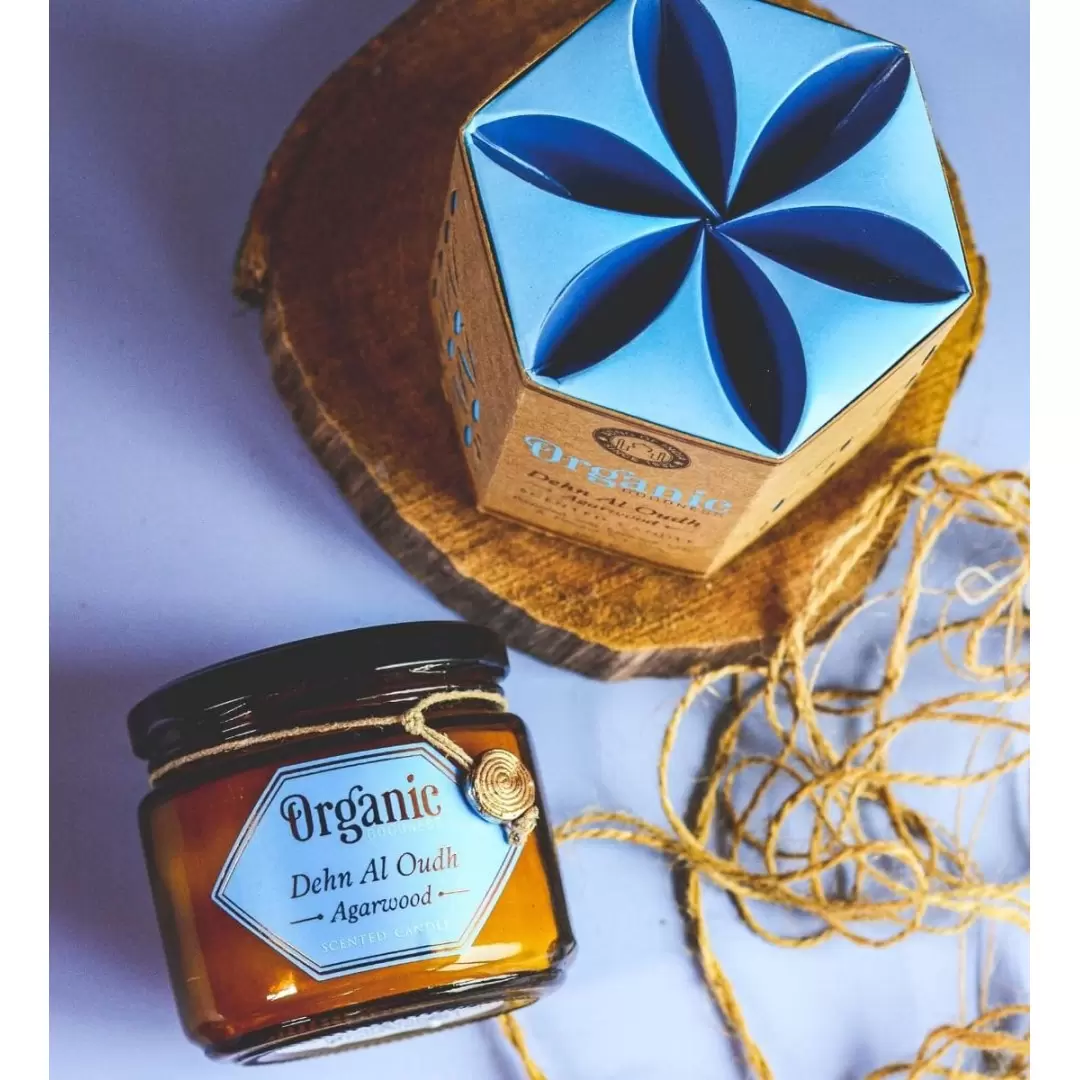 Bougie ayurvédique Oudh - végane - Organic Goodness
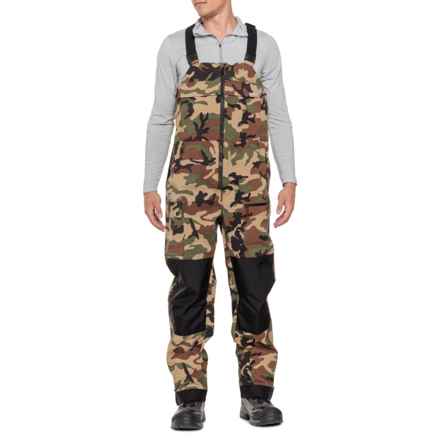 Simms CX Fishing Bib Pants - Waterproof in Woodland Camo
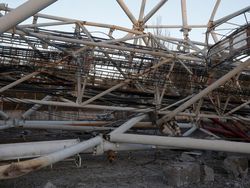 Menara TV Ini Dirusak Pasukan Rusia yang Keluar Kherson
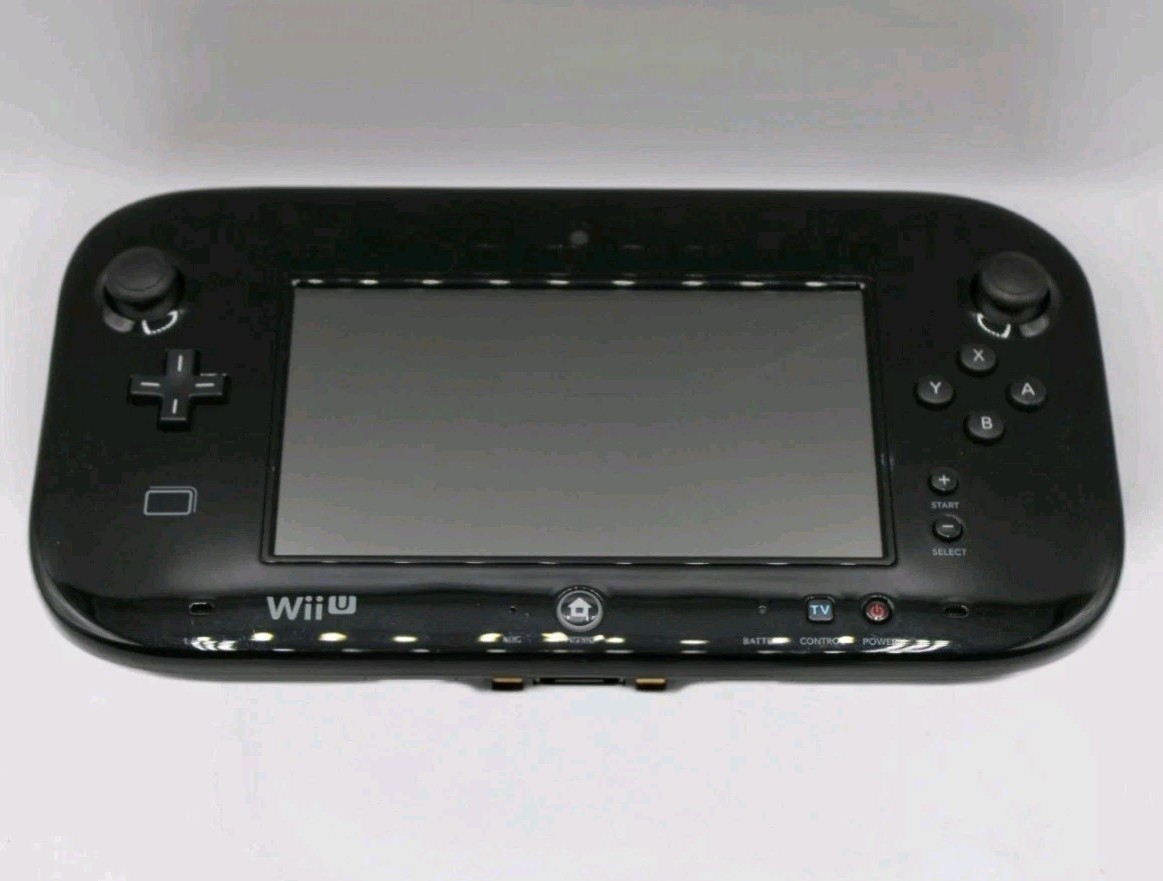 *Refurbished* Nintendo Wii U Black Gamepad Only – 1 Year Warranty!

* _BRIEF_: Counting the line with "Simms CX Fishing" and the last line of the data above, transcribe those two lines and every line between them exactly, without the pictures.

* _SOLUTION TO THIS PROBLEM_:
 Simms CX Fishing Bib Pants - Waterproof in Woodland Camo
 Menara TV Ini Dirusak Pasukan Rusia yang Keluar Kherson
 *Refurbished* Nintendo Wii U Black Gamepad Only – 1 Year Warranty!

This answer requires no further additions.